> **Provided records**:
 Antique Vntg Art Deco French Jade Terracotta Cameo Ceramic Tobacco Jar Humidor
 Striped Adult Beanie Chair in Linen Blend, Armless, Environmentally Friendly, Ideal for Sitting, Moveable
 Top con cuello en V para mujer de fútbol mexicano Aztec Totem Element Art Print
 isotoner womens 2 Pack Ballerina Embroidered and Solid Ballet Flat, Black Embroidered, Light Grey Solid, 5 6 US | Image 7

--

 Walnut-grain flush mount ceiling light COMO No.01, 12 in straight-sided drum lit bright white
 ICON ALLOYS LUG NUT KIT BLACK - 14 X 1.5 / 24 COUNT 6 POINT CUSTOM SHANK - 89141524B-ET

--

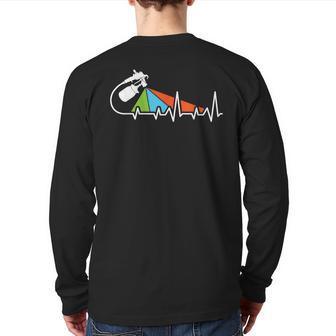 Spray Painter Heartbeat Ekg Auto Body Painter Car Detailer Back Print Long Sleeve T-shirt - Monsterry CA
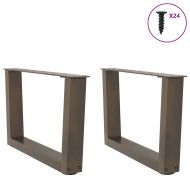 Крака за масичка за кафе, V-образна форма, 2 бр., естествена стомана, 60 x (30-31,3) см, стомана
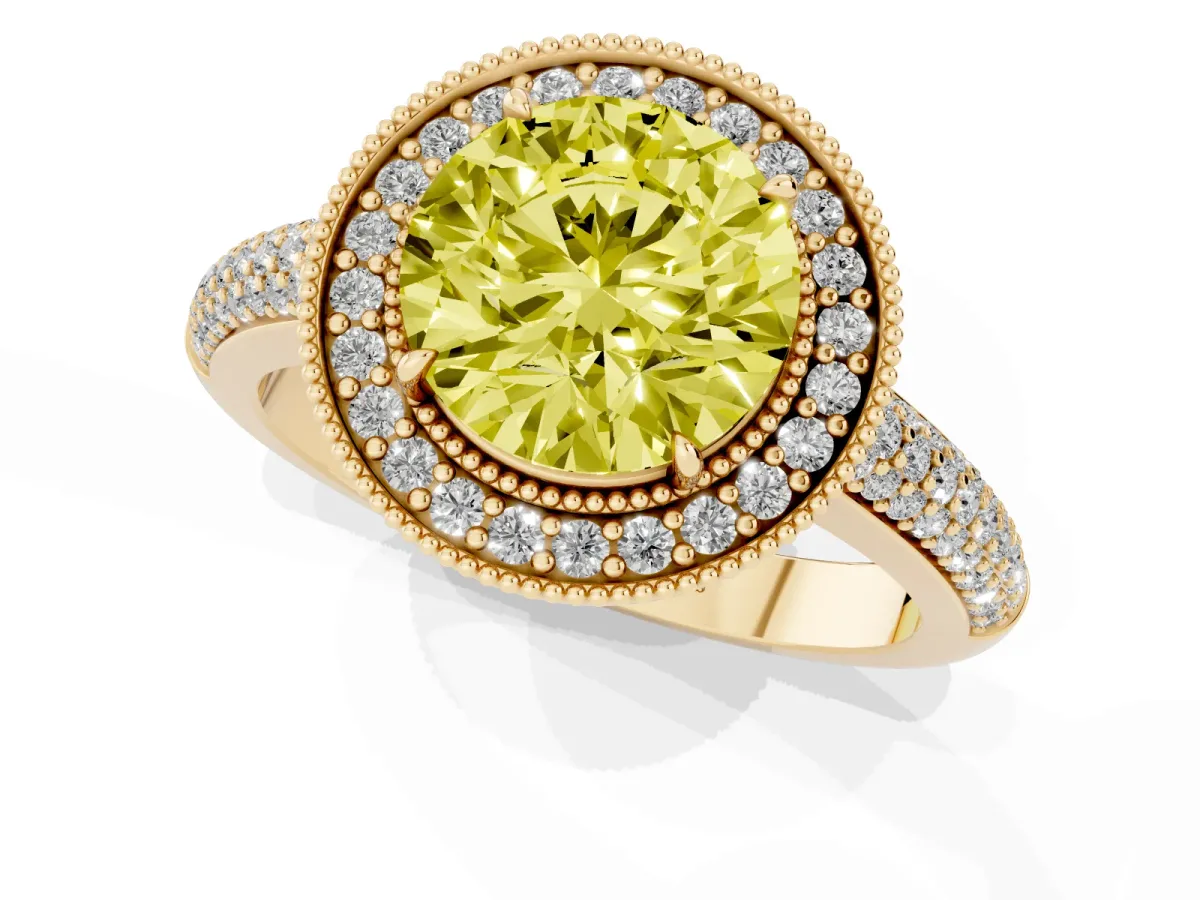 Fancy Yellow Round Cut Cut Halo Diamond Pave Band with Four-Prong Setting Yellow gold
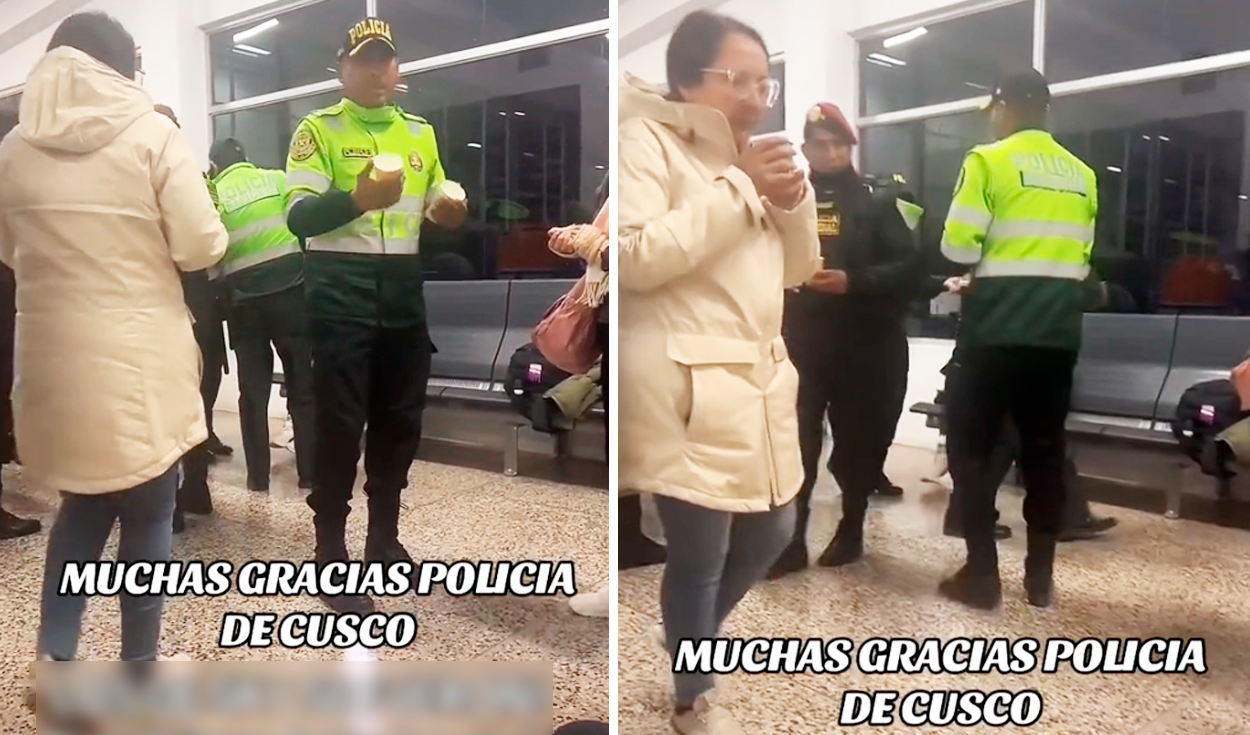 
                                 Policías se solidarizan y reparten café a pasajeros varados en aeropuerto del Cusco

> **Exercise aim**: Copy only the lines above from the one containing "Крака за масичка" through the one containing "Policías se solidarizan", both included. Leave out the pictures.

> **Problem solution**:
 Крака за масичка за кафе, V-образна форма, 2 бр., естествена стомана, 60 x (30-31,3) см, стомана
 Fancy Yellow Round Cut Cut Halo Diamond Pave Band with Four-Prong Setting Yellow gold
                                 Policías se solidarizan y reparten café a pasajeros varados en aeropuerto del Cusco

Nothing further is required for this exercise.